I was set to opt for the simpler heading "California Bookstores," but bookstores are not all created equal. I know this first-hand, having spent several years at an independent bookstore that underwent a series of sea changes. It was a tumultuous time, but when the place "worked", the experience was a joy for both customers and staff. My final year there I had enough seniority to choose Saturday as my day off: I declined, in part because Saturday customers were a treat to serve. People's agendas were looser, they browsed at length, and willingly engaged in conversation that frequently led to large sales. Satisfying work, that.
Bookstores don't require that sort of environment to be worthwhile, but it sure helps. I've found my share of literary delights in Ferlinghetti's City Lights Books, but I'll willingly take the taxi to A Clean Well-Lighted Place For Books, just to forego the habitual surliness of City Lights' boho staff in favor of ACWLPFB's professional cheer. More delightful still is Bookshop Santa Cruz. Like City Lights, BSC wears its (anti-Bush) politics on its sleeve; unlike City Lights, BSC staff members seem to enjoy what they do, to the point where they don't mind stocking material with opposing perspectives.
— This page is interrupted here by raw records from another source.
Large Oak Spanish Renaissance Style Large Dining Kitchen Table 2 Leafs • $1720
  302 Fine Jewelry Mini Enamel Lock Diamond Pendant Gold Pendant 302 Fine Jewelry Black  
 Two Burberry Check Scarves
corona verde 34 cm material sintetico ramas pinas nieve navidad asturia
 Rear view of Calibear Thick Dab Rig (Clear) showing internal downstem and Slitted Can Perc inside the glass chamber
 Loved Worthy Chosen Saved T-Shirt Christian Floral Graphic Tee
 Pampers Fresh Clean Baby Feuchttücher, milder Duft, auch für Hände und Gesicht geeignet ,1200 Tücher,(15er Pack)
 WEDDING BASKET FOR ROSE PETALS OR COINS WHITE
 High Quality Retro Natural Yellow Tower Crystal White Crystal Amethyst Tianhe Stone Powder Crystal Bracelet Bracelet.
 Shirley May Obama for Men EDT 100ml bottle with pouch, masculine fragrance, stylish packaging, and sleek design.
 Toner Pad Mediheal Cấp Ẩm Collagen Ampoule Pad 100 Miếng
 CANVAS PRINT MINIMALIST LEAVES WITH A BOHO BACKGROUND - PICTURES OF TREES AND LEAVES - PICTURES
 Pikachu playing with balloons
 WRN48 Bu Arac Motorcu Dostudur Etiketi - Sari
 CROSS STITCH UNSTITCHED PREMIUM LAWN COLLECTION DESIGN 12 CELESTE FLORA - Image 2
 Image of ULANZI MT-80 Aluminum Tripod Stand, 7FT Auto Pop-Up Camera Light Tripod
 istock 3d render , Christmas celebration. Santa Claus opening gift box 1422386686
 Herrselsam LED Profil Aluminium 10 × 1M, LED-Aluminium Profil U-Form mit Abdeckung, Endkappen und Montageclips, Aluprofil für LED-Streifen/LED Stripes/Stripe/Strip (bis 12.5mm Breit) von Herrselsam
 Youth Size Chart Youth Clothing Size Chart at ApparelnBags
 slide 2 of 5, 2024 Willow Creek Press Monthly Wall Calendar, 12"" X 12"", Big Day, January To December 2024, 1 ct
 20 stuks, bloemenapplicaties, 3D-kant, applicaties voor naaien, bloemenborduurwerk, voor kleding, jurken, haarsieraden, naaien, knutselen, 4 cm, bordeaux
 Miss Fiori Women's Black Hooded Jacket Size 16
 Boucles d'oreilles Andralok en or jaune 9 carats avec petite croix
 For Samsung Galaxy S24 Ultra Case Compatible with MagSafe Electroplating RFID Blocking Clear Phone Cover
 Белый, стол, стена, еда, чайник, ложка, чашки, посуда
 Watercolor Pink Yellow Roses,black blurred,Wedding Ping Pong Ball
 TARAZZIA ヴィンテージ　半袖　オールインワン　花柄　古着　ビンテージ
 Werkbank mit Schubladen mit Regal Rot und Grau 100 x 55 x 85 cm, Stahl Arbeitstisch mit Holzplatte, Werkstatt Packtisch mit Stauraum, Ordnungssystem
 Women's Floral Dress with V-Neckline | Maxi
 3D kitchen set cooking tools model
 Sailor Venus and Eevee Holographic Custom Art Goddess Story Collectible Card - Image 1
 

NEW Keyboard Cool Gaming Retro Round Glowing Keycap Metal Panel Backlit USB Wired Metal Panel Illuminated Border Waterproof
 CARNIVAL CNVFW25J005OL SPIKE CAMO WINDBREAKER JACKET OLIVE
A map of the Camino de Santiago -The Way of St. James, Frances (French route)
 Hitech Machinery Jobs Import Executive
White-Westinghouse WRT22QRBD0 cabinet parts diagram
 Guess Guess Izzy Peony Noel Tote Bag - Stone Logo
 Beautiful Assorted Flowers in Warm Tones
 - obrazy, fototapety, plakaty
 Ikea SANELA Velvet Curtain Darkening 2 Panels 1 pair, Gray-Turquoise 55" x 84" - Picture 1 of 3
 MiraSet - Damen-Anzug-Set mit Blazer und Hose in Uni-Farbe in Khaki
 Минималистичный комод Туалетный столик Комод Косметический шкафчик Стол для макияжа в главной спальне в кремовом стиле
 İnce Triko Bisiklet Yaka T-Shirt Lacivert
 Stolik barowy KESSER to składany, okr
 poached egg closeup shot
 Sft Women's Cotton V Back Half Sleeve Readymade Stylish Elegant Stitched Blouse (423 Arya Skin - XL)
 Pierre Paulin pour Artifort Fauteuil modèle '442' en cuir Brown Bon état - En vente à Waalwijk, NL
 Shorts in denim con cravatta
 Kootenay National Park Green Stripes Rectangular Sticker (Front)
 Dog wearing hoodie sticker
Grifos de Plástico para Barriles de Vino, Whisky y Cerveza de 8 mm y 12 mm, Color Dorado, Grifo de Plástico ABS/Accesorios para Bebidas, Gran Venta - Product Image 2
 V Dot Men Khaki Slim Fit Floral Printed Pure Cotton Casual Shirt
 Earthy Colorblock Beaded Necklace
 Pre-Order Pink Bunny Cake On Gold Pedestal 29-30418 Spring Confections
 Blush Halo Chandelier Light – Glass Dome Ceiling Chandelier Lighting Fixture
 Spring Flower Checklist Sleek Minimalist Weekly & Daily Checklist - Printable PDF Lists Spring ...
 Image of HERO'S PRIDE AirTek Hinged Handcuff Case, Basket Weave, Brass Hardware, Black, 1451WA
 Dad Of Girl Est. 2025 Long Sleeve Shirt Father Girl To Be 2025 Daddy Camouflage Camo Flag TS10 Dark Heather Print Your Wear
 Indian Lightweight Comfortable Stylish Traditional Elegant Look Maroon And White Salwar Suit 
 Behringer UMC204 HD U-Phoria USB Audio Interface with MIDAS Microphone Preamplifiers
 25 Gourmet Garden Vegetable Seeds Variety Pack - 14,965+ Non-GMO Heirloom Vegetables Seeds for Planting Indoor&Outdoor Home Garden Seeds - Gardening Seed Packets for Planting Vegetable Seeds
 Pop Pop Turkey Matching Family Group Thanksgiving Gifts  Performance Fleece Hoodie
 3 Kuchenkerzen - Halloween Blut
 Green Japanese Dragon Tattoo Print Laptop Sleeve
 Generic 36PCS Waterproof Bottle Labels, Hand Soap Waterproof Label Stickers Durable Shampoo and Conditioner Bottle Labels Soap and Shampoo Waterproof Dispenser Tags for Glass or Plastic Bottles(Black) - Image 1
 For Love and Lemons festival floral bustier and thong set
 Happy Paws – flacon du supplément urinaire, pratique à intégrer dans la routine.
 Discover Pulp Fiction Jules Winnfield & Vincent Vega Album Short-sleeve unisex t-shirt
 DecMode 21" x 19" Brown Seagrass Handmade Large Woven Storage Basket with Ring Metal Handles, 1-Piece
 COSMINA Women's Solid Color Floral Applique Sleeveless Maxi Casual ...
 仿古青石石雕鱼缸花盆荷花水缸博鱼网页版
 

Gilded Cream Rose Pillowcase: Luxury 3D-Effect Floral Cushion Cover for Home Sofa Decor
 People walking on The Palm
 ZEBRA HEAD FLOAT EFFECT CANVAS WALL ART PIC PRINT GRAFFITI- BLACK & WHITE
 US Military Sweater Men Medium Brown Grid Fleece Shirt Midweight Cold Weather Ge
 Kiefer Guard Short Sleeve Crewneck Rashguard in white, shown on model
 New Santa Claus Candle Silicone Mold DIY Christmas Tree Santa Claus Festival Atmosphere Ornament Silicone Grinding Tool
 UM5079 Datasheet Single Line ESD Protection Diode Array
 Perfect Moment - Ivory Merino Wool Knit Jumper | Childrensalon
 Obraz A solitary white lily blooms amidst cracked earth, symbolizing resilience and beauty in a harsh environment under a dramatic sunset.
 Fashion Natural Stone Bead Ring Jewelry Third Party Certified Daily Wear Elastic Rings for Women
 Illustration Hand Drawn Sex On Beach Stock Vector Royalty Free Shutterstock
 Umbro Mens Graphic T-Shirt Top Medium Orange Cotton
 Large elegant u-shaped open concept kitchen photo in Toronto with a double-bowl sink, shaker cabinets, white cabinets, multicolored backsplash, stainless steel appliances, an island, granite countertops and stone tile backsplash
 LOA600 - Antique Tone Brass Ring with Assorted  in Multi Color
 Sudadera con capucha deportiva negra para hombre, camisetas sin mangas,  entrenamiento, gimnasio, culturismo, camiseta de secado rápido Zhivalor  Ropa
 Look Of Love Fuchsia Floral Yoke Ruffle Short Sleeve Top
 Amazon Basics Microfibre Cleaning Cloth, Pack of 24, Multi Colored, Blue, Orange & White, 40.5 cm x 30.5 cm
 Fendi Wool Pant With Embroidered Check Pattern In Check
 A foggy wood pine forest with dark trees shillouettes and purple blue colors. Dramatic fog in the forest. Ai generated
I don't go to bookstores for their politics, though (I mention it only to hammer home the point that there's no good reason why you can't be a disgruntled lefty and still provide cheerful customer service). BSC is a treat because virtually every shelf in the store is flagged with numerous strips of paper with written recommendations by staff members. This is a terrific method for selling books, given that the most avid readers are usually introverts. Besides, it's reading about reading; this tack cannot be over-utilized, and BSC and ACWLPFB put it to good use.
San Jose's Recycle Books doesn't have this practice, but I still manage to buy a dozen books a visit. This is due in no small part to the excellent discretion of the store's buyer; it's also due to the pricing scheme. Paperbacks are typically sold for half their cover price, and hardcovers just a few dollars over that. So if, for example, I see Paul Auster's Leviathan on sale for $7 pbk and $11 hc, I'll usually spend the extra four dollars for the clunkier hardcover.
What this usually requires, of course, is an extra suitcase holding only books. Back-breaking work, these visits, but I wouldn't miss it for anything.